__Task objective__.
Give back exactly the line containing "kitchen featuring sink, white" and all that follow it in the data below, with the pictures left out.

(Beginning of Data for this task)

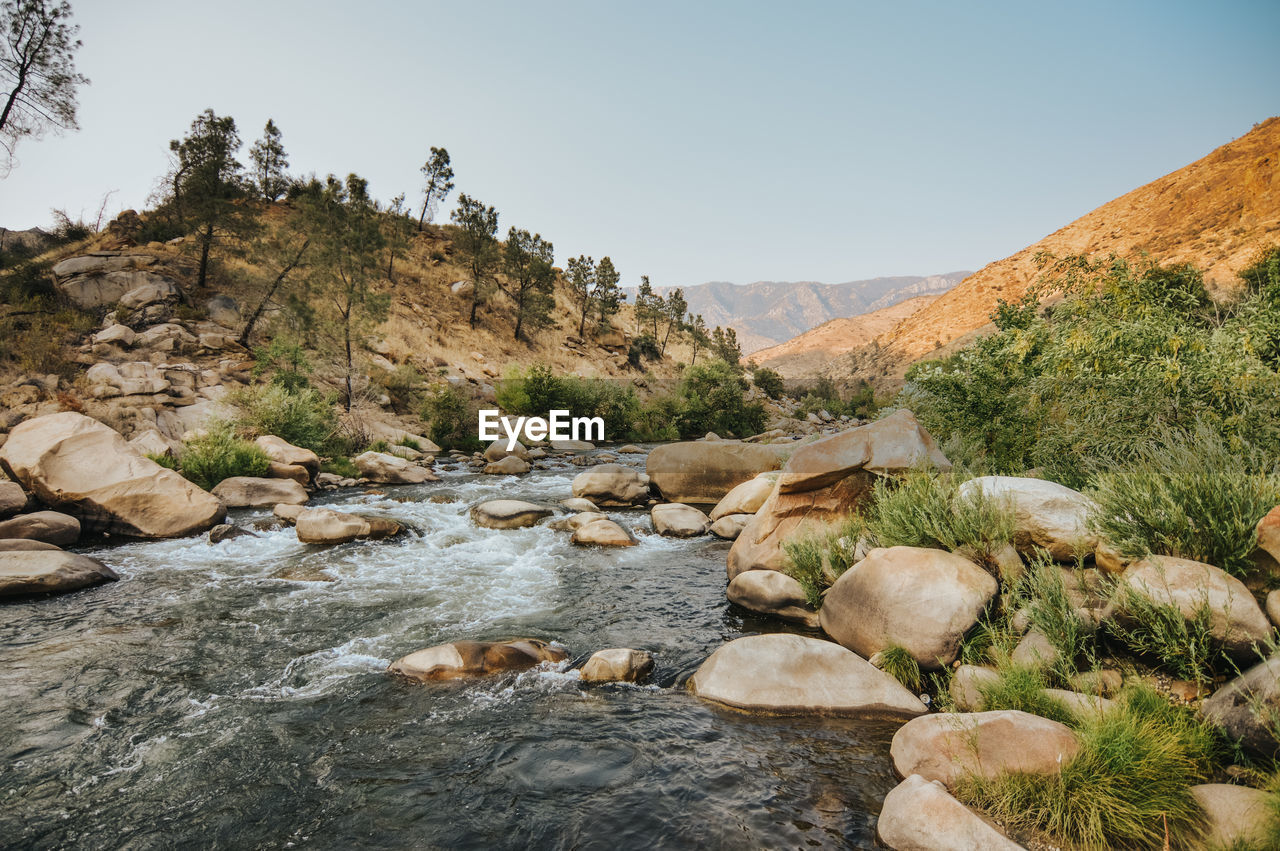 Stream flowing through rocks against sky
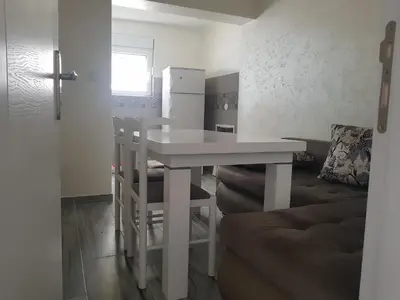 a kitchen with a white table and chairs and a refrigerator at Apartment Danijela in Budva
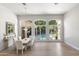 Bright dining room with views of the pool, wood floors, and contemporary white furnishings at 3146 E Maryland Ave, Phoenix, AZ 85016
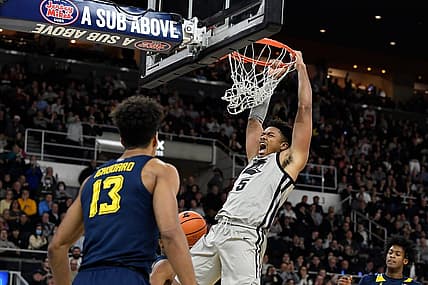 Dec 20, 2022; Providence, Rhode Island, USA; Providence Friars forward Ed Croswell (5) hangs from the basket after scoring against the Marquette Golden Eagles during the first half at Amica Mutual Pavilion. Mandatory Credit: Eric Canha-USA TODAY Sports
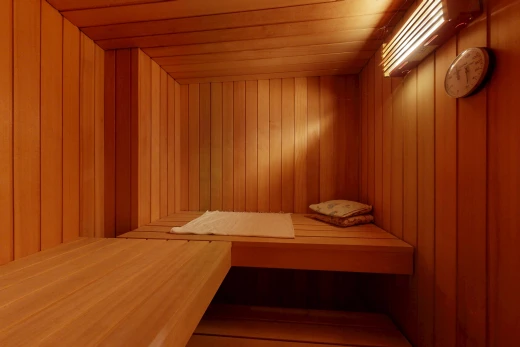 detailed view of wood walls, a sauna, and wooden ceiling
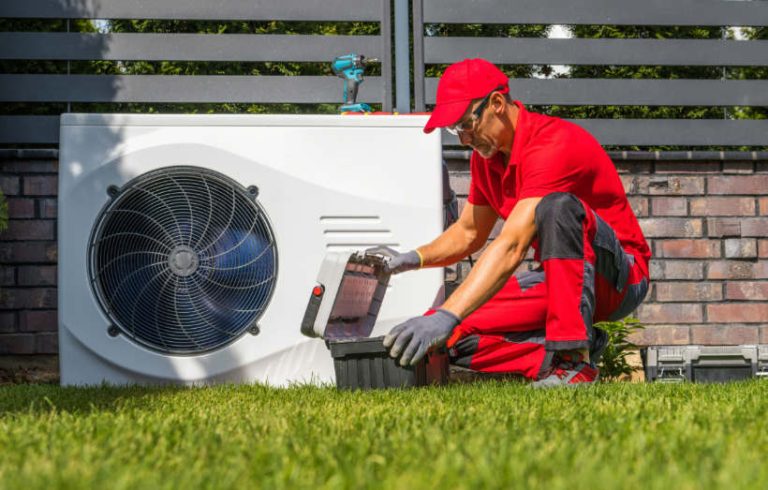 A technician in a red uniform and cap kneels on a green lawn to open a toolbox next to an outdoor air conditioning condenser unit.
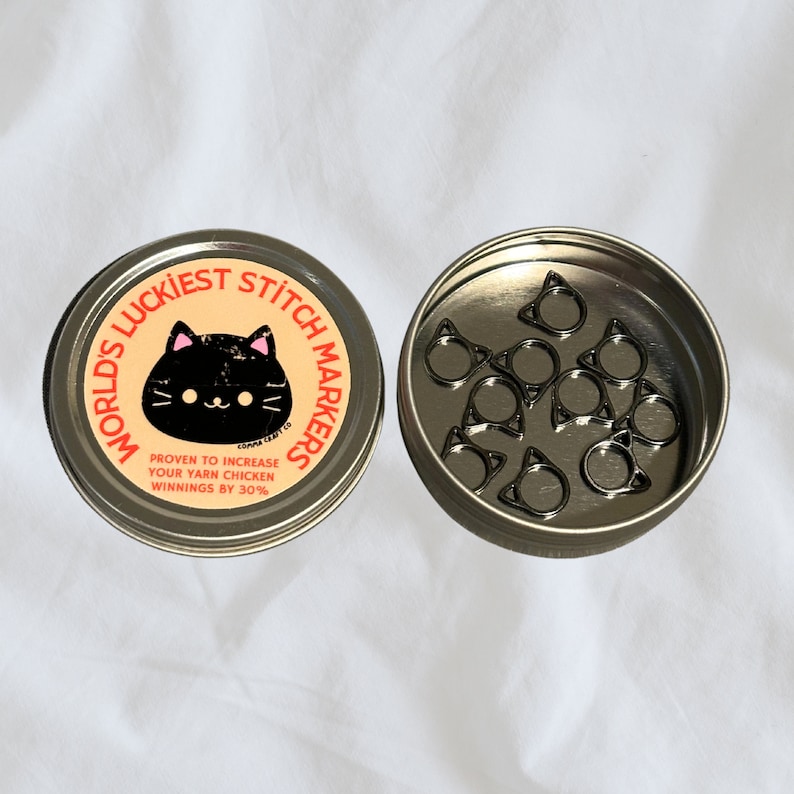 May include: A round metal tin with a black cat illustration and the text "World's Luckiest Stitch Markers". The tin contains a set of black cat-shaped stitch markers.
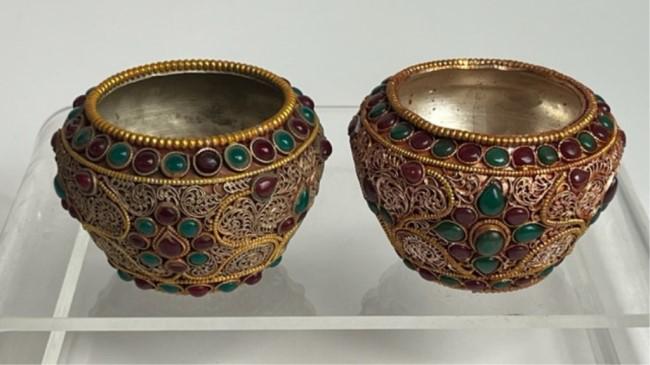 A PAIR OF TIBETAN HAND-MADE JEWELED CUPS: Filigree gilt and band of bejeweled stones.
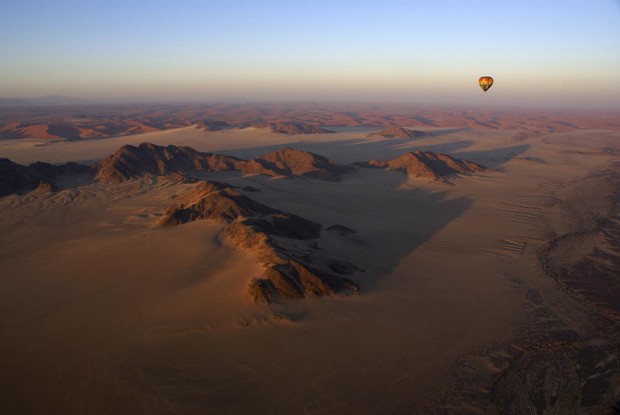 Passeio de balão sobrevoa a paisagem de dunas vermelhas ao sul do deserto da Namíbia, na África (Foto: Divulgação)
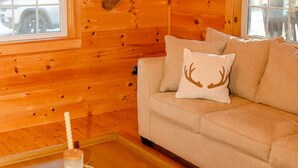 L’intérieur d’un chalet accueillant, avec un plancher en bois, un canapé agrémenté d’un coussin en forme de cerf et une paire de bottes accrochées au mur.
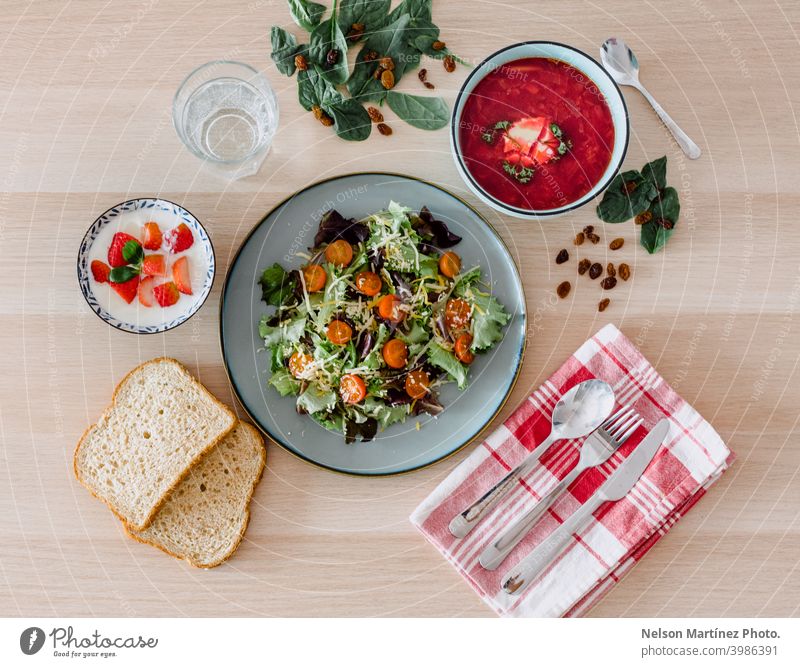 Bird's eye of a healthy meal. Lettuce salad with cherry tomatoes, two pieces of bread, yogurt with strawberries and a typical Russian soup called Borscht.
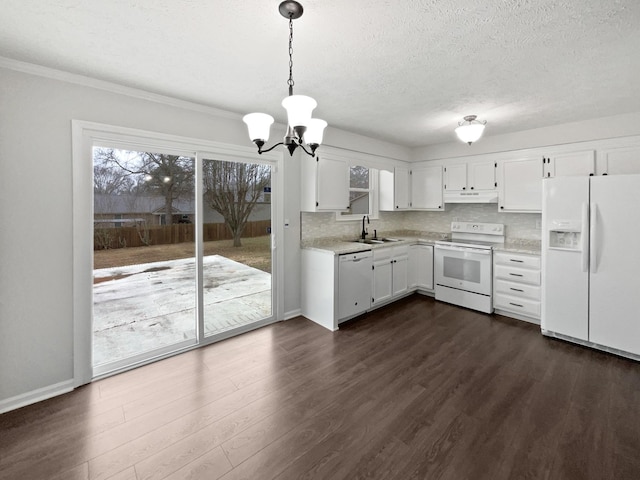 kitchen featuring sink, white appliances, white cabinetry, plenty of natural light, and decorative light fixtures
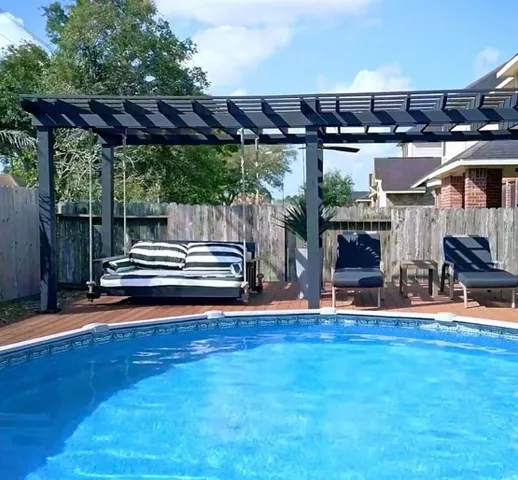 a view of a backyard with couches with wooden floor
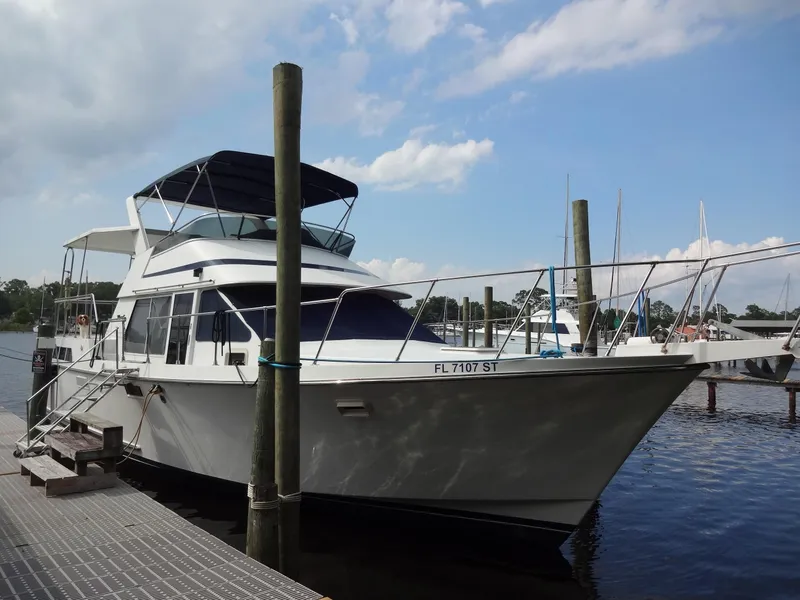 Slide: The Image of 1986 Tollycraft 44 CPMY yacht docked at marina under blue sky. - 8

(End of Data for this task)

__Finished exercise__.
 kitchen featuring sink, white appliances, white cabinetry, plenty of natural light, and decorative light fixtures
 a view of a backyard with couches with wooden floor
 Slide: The Image of 1986 Tollycraft 44 CPMY yacht docked at marina under blue sky. - 8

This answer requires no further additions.